The listing below should be written out word for word, with its pictures removed.

### DATA SEGMENT
§

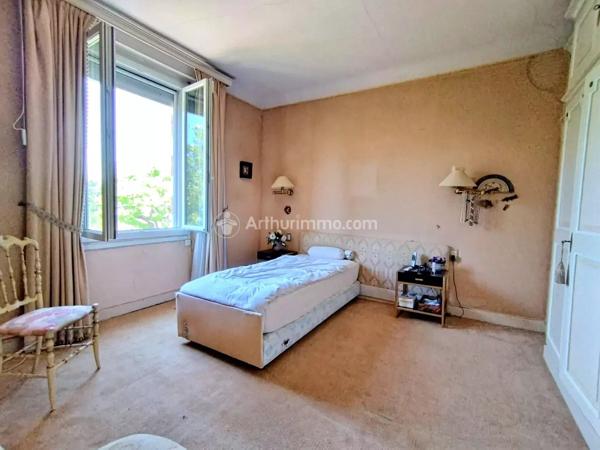 Vente                                                      Maison
                        
                     6 pièces                      138 m2                     à Graulhet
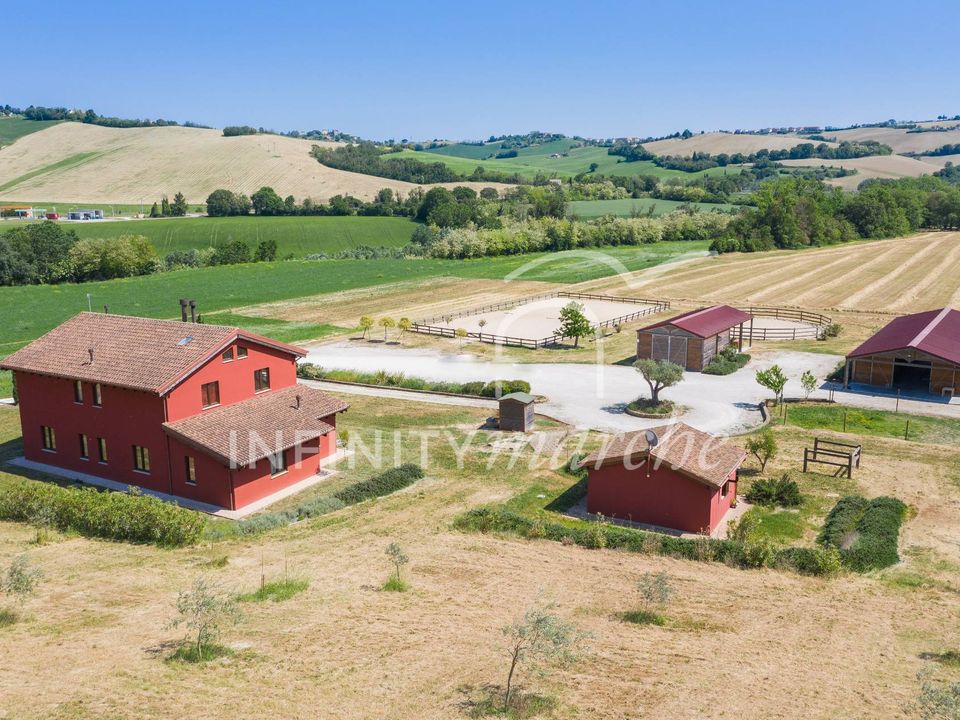 Landejendom i Montegranaro, Fermo - foto 1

§

### EXERCISE OUTPUT
 Vente                                                      Maison
                        
                     6 pièces                      138 m2                     à Graulhet
 Landejendom i Montegranaro, Fermo - foto 1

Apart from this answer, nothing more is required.